Reducing waste and promoting recycling in nursery schools
How green is your nursery's waste management? Managing how your nursery disposes of its waste is a huge opportunity. It can help reduce waste, improve the environment, and be a fun learning experience for early-years pupils, their parents, and teachers. It may even be a deciding factor for environmentally savvy parents when choosing a nursery for their child. Here we outline the types of waste nurseries produce and their environmental impact. More importantly, we detail how nurseries can be more sustainable and discover the benefits of reducing waste and recycling for nurseries in the UK.
- Food waste: meals and snacks are often served to toddlers, which can result in food waste from uneaten food or food packaging.
- Paper and cardboard waste: Nursery schools may use lots of paper for artwork, worksheets, and other activities.
- Plastic waste: Many nursery products, such as toys, cups, plates, and utensils, are made of plastic and can contribute to plastic waste if not disposed of properly.
- Art supplies: Art materials such as paper, paint, glue, and markers can contribute to waste.
- Disposable nappies: Infants and young children in nurseries may use disposable diapers, contributing to significant waste.
- Furniture waste: Old or damaged furniture, such as chairs, tables, and desks, can result in large amounts of waste.
- Electronic waste: Nurseries may dispose of batteries used in electronic toys, as well as electronic devices such as child-friendly tablets, computers, and televisions.
- Cleaning products: Cleaning supplies used to maintain the cleanliness of the nursery can also generate waste.

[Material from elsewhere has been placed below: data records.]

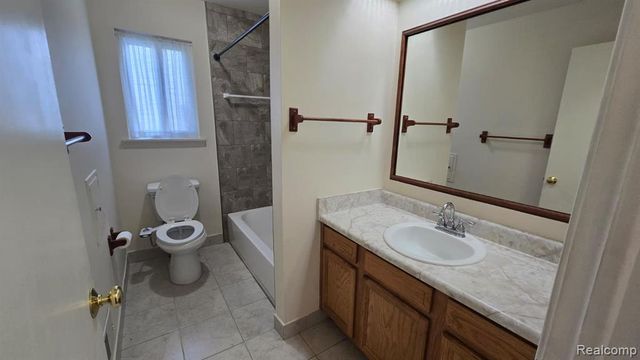 3582 Hein Drive, Sterling Heights, MI 48310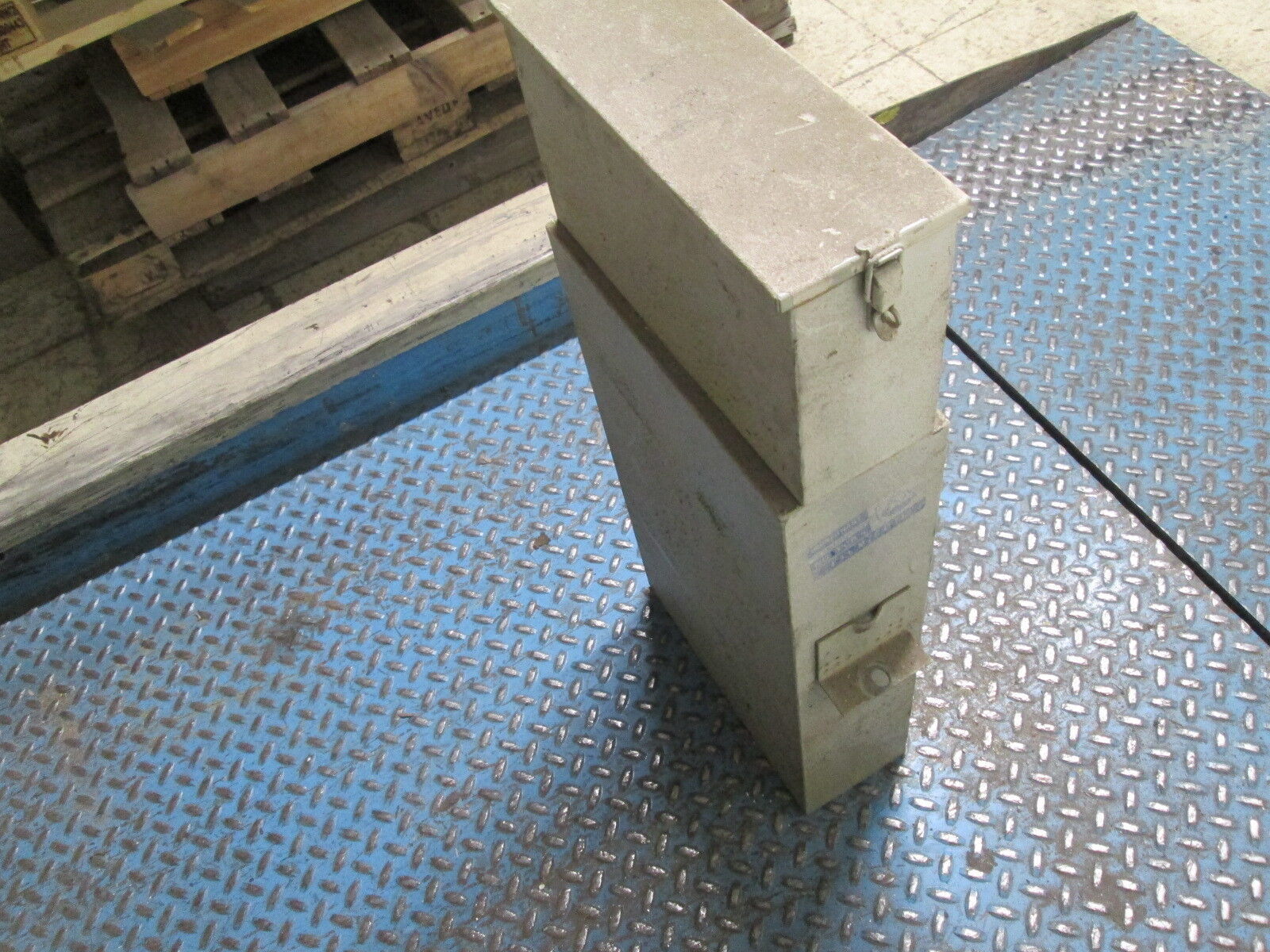 GE Capacitor 55L347RJ1 50KVAR 480V 3Ph 60Hz Used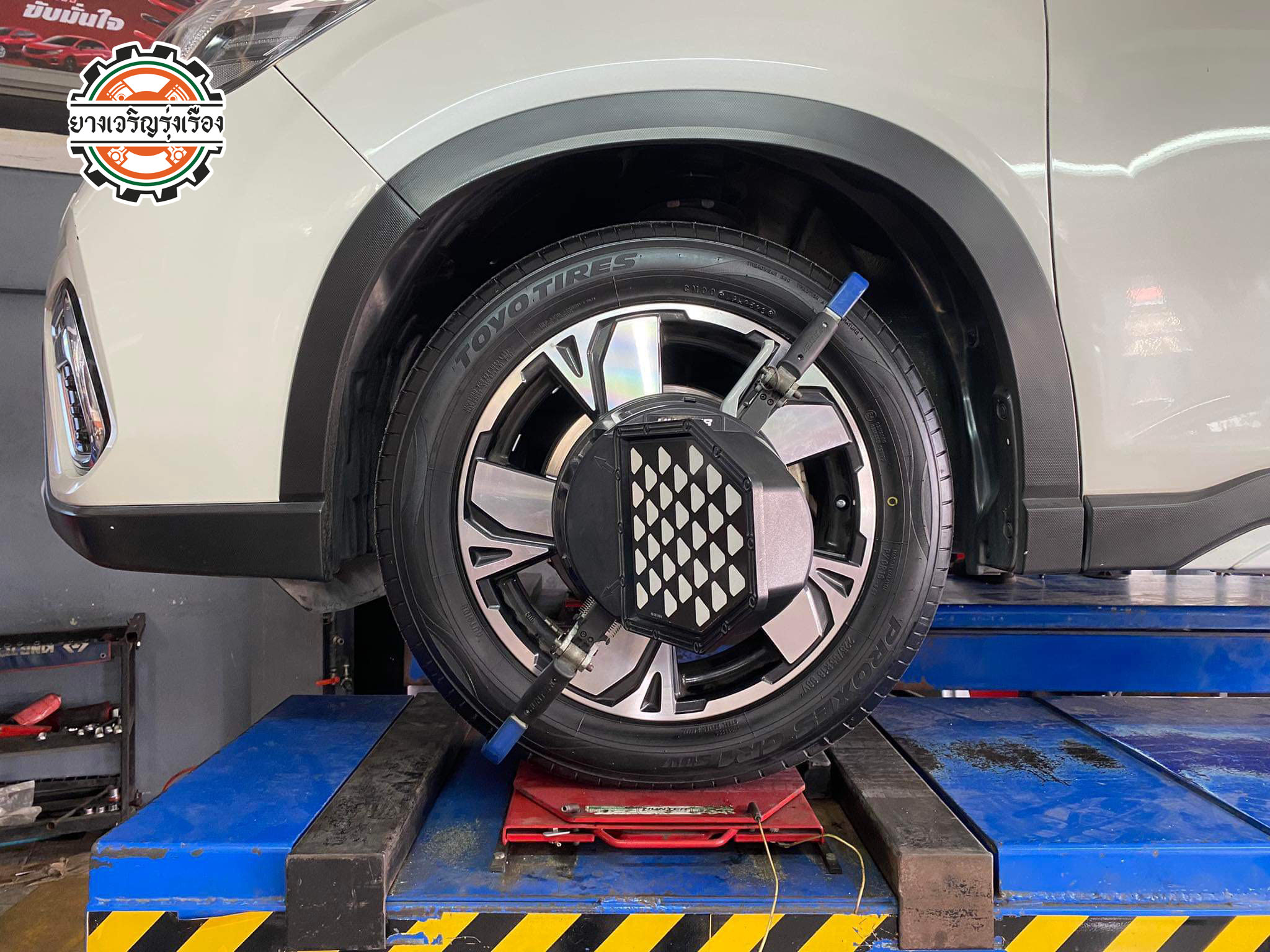 SUBARU FORESTER เข้ารับบริการเปลี่ยนยางรถยนต์ เน้นคุณภาพ ราคาเหมาะสม ☄️TOYO TIRES PROXES CR1 SUV 98V ขนาด 225/55R18 𝙊𝙪𝙧 𝙎𝙚𝙧𝙫𝙞𝙘𝙚 บริการทางร้านเรารับทำอะไรบ้าง 🔧 ติดตั้งยางแบบไร้รอย 100% 🔧 บริการสลับยาง ตามอายุ 🔧 มียางรถยนต์ทุกยี่ห้อให้เลือกซื้อ 🔧 เช็คช่วงล่าง แก้ปัญหาให้ตรงจุด 🔧 บริการล้างลิ้นปีกผีเสื้อ 🔧 บริการเช็คระยะรถยนต์ 🔧 เปลี่ยนถ่ายของเหลวทั้งระบบ 🔧 ตั้งศูนย์ด้วยเครื่อง HUNTER นำเข้าจาก USA สอบถามข้อมูลเพิ่มเติม หรือนัดหมายเข้ารับบริการ Tel : 08-6569-1915 Tel : 08-6544-5963 Line id : @88rw Tiktok : https://www.tiktok.com/@88rwycrr Youtube : https://youtube.com/@88rw Facebook : https://www.facebook.com/88rwtire Location : https://goo.gl/maps/HrNUAZXPN94KvxZ98?coh=178573&entry=tt #รถยนต์มีปัญหาไม่รู้ต้องแก้ตรงไหน ทางเรายินดี ตรวจหาปัญหาและหาวิธีแก้ บอกลูกค้าก่อนลงมือทำเสมอราคาเป็นธรรมไม่เอาเปรียบ สบายใจคุณลูกค้า ---------------------------------- ดูแลให้คำปรึกษาทุกปัญหาคาใจ ไม่ทิ้งลูกค้า มีบริการหลังการขาย 【ให้ผู้เชี่ยวชาญของเรา ดูแลรถคุณ】 ร้านยางเจริญรุ่งเรือง ยินดีต้อนรับครับ ---------------------------------- #โช๊คอัพรถยนต์ #monroe #yss #kayaba #profender #ร้านยางเจริญรุ่งเรือง #นนทบุรี #งามวงศ์วาน #amsfix #บริการช่วงล่างรถยนต์ #ซ่อมบำรุงช่วงล่าง #เซทอัพโช๊คอัพรถยนต์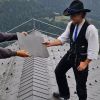 Imagen de Tejas nazis, balas y otras sorpresas: lo que encontró un carpintero argentino al restaurar casas de 200 años en Suiza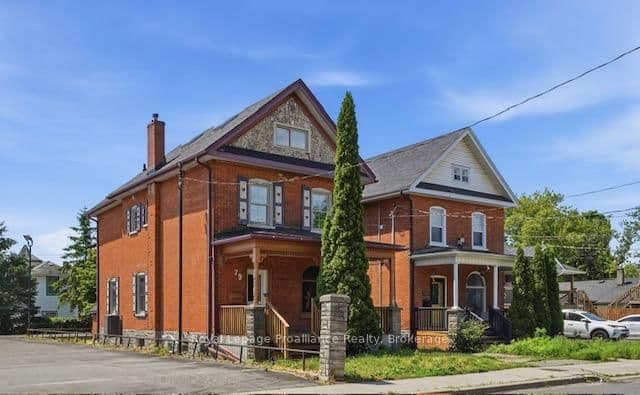 79 Bridge Street W - Image 1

For anyone working with nursery schools, it is essential to be aware of the types of waste produced and their environmental impact. But finding ways to reduce this is more important and can be fun in a learning environment too.
How is nursery school waste impacting the environment?
Around 250,000 tonnes of waste a year is produced by the education sector (source: Local Gov). However, while there is no specific data on nursery schools alone, with over 13,000 early years settings registered in the UK as of 2022 (source: Day Nurseries), they are believed to contribute to a significant proportion of the waste produced in the education sector. Here are some examples of the way nursery school waste can impact the environment:
Nursery school waste, including disposable nappies, food packaging, and art supplies, can occupy much landfill space. In fact, a toddler gets through 4,000 – 6,000 disposable nappies until they are potty trained. Consequently, up to 3 billion nappies are sent to landfill or burnt yearly, a massive 400,000 tons of waste (source: LCNP). As landfill space becomes scarcer, this waste can contribute to environmental problems such as soil contamination and groundwater pollution.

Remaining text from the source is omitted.